Cumpre ressaltar, ainda, o risco de reiteração criminosa, evidenciado a partir do extenso rol de antecedentes criminais do flagrado, que ostenta maus antecedentes pelo mesmo crime (porte/posse ilegal de arma de fogo com numeração suprimida - 014/2.04.0002548-0) e responde a várias outras ações penais com condenações pendentes de trânsito em julgado (receptação - 008/2.16.0003838-0; organização criminosa - 139/2.16.0000804-6; roubo majorado - 158/2.17.0000129-3 e 133/2.17.0000201-7).

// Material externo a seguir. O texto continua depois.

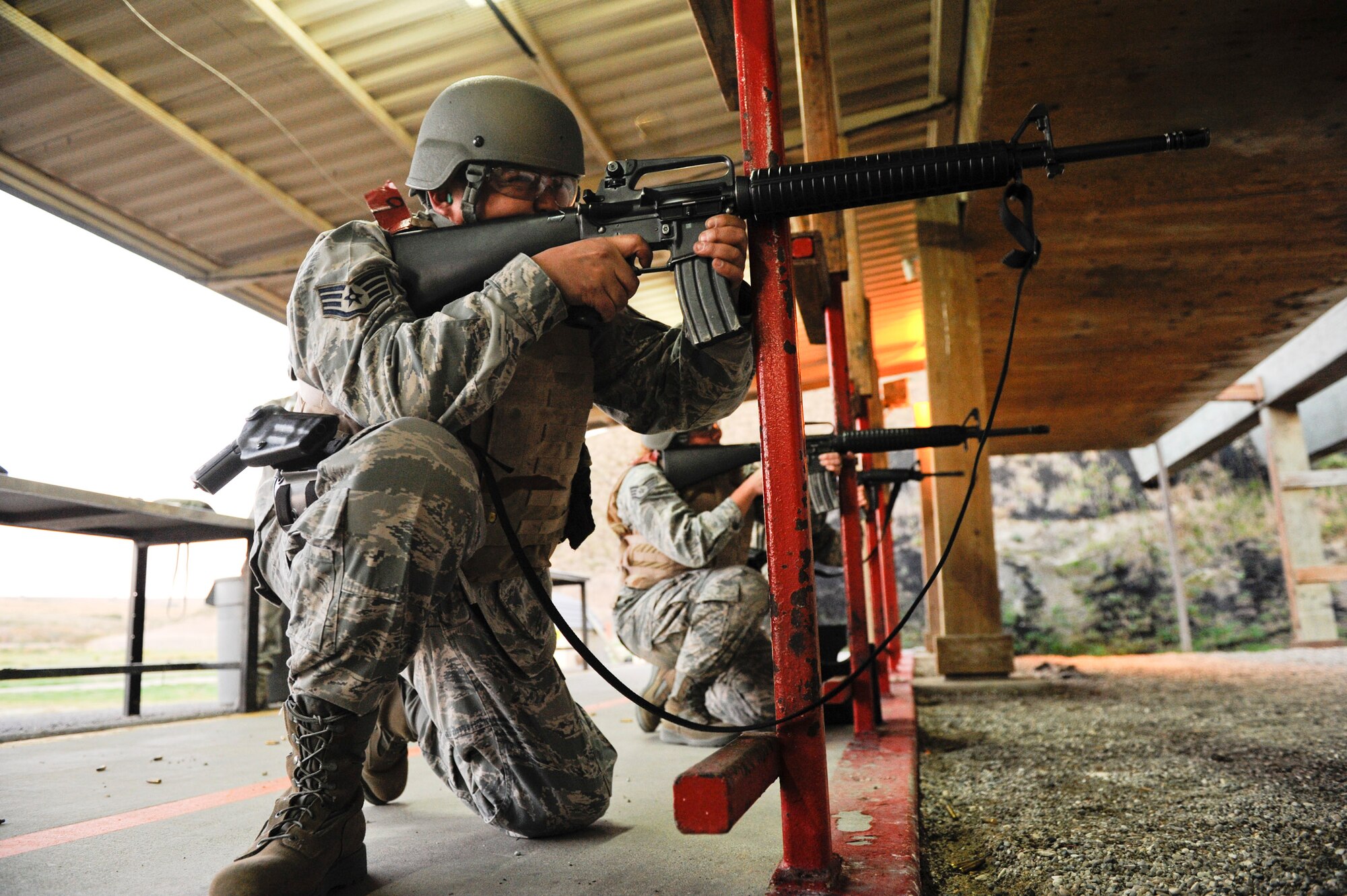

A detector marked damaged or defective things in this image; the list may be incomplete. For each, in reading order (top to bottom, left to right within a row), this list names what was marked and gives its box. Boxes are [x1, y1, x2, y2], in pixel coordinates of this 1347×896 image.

Nessa senda, é pacífica a jurisprudência do STJ, no sentido de que ações penais em curso constituem elementos capazes de denotar o risco concreto de reiteração delituosa:

PROCESSUAL PENAL E PENAL. HABEAS CORPUS. ESTELIONATO. TRANCAMENTO DA AÇÃO PENAL. EXCEPCIONALIDADE. FALTA DE JUSTA CAUSA PARA A PERSECUÇÃO. ATIPICIDADE, CAUSA EXTINTIVA DA PUNIBILIDADE OU AUSÊNCIA DE INDÍCIOS DE AUTORIA OU PROVA DA MATERIALIDADE DO DELITO. HIPÓTESES NÃO CONFIGURADAS. PRISÃO PREVENTIVA. FUNDAMENTAÇÃO CONCRETA. REITERAÇÃO DELITIVA. ONZE ANOTAÇÕES CRIMINAIS. ILEGALIDADE. AUSÊNCIA. ORDEM DENEGADA. 1. O trancamento da ação penal por ausência de justa causa exige comprovação, de plano e inequívoca, da atipicidade da conduta, da ocorrência de causa de extinção da punibilidade, da ausência de lastro probatório mínimo de autoria ou de materialidade, o que não se verifica nos presentes autos. 2. Apresentada fundamentação concreta para a decretação da prisão preventiva, evidenciado na garantia da ordem pública e na aplicação da lei penal, haja vista o risco de reiteração delitiva, uma vez que possui em sua FAC 11 (onze) anotações, além do fato de que já teve sua prisão decretada pelo Juízo da 2a Vara Criminal de Bangu e encontra-se sendo citado por edital junto aos Juízos da 35a Vara Criminal e 29a Vara Criminal, ambas da Comarca da Capital (fl. 187), estando foragido também nesta ação penal. 3. Nos termos da orientação desta Corte, inquéritos policiais e processos penais em andamento, muito embora não possam exasperar a pena-base, a teor da Súmula 444/STJ, constituem elementos aptos a revelar o efetivo risco de reiteração delitiva, justificando a decretação ou a manutenção da prisão preventiva (RHC n. 68550/RN, Rel. Ministro SEBASTIÃO REIS JÚNIOR, DJe 31/3/2016). 4. Habeas corpus denegado. (HC 431.845/RJ, Rel. Ministro NEFI CORDEIRO, SEXTA TURMA, julgado em 19/06/2018, DJe 29/06/2018) (grifei).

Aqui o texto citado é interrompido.